Below is a block of entries; repeat all of it exactly but omit the pictures.

Input START

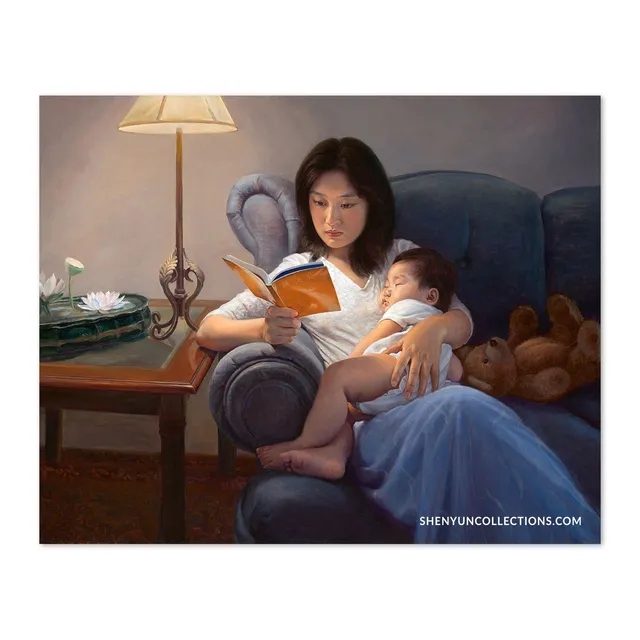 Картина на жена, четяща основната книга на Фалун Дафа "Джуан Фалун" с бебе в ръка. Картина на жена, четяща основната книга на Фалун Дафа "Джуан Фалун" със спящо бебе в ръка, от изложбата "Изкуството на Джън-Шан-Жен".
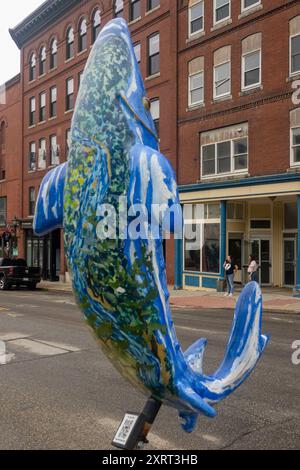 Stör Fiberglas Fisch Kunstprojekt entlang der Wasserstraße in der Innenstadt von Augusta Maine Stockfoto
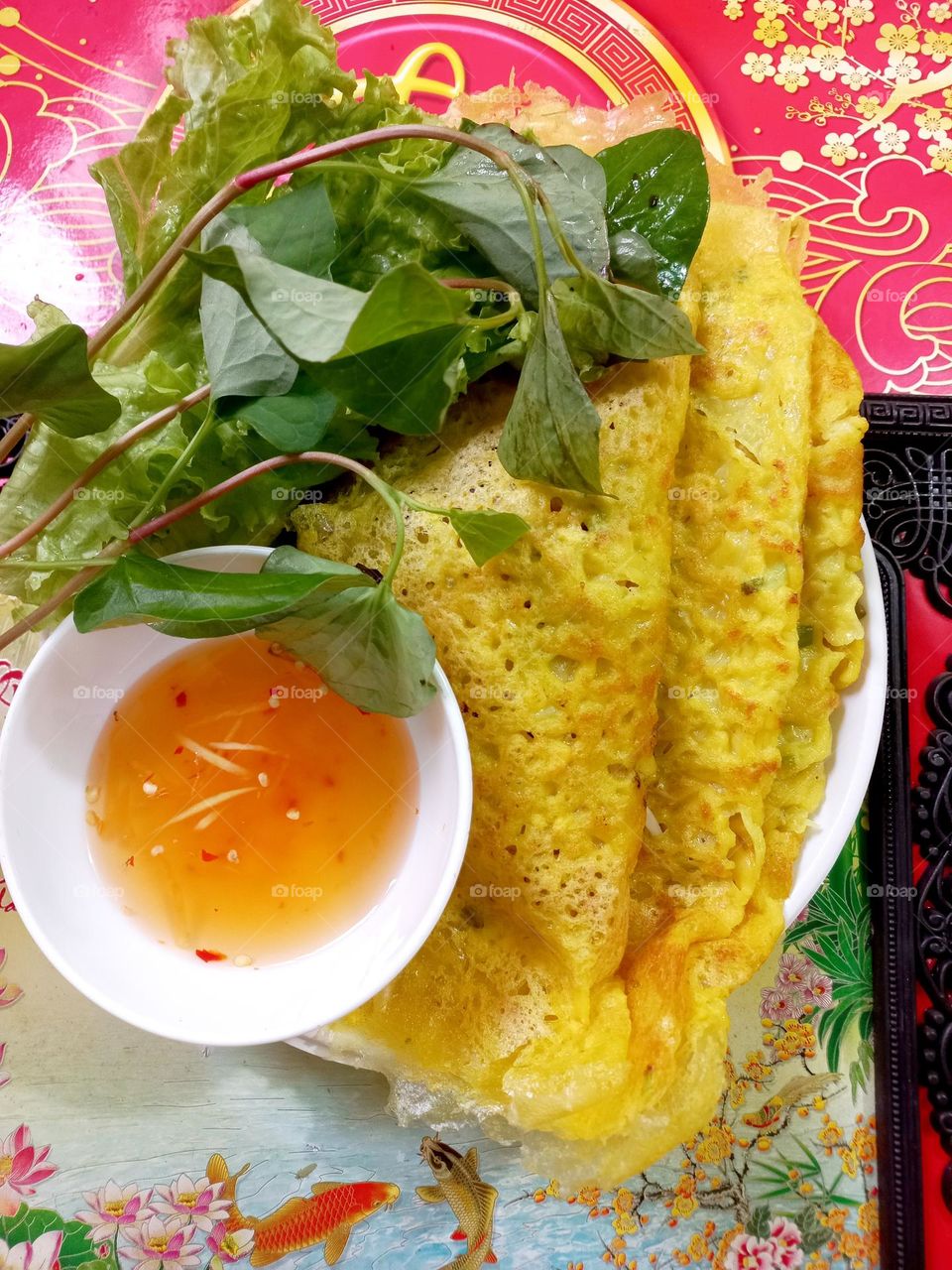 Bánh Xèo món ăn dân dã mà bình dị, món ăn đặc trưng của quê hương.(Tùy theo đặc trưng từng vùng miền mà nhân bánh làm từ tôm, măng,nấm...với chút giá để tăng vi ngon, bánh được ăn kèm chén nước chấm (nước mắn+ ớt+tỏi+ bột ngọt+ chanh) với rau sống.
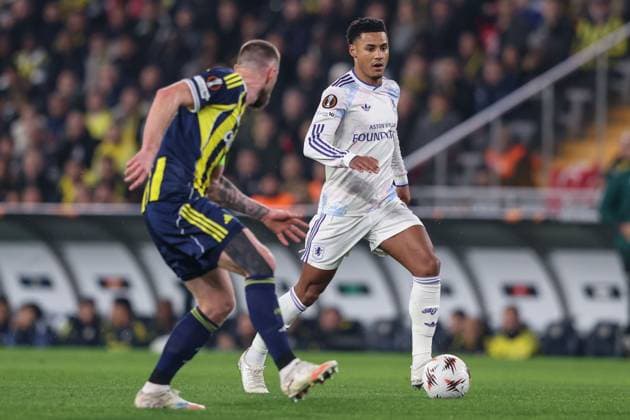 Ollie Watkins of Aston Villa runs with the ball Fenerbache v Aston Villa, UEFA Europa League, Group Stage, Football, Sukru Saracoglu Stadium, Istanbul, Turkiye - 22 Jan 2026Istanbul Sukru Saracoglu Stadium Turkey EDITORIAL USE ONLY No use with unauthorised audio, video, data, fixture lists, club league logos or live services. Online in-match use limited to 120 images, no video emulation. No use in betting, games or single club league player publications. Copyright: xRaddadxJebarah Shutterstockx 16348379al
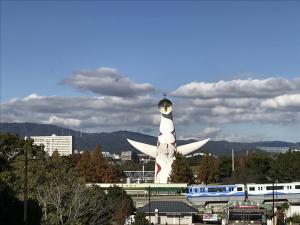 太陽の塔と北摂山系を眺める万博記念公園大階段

Input END

### Task solution
 Картина на жена, четяща основната книга на Фалун Дафа "Джуан Фалун" с бебе в ръка. Картина на жена, четяща основната книга на Фалун Дафа "Джуан Фалун" със спящо бебе в ръка, от изложбата "Изкуството на Джън-Шан-Жен".
 Stör Fiberglas Fisch Kunstprojekt entlang der Wasserstraße in der Innenstadt von Augusta Maine Stockfoto
 Bánh Xèo món ăn dân dã mà bình dị, món ăn đặc trưng của quê hương.(Tùy theo đặc trưng từng vùng miền mà nhân bánh làm từ tôm, măng,nấm...với chút giá để tăng vi ngon, bánh được ăn kèm chén nước chấm (nước mắn+ ớt+tỏi+ bột ngọt+ chanh) với rau sống.
 Ollie Watkins of Aston Villa runs with the ball Fenerbache v Aston Villa, UEFA Europa League, Group Stage, Football, Sukru Saracoglu Stadium, Istanbul, Turkiye - 22 Jan 2026Istanbul Sukru Saracoglu Stadium Turkey EDITORIAL USE ONLY No use with unauthorised audio, video, data, fixture lists, club league logos or live services. Online in-match use limited to 120 images, no video emulation. No use in betting, games or single club league player publications. Copyright: xRaddadxJebarah Shutterstockx 16348379al
 太陽の塔と北摂山系を眺める万博記念公園大階段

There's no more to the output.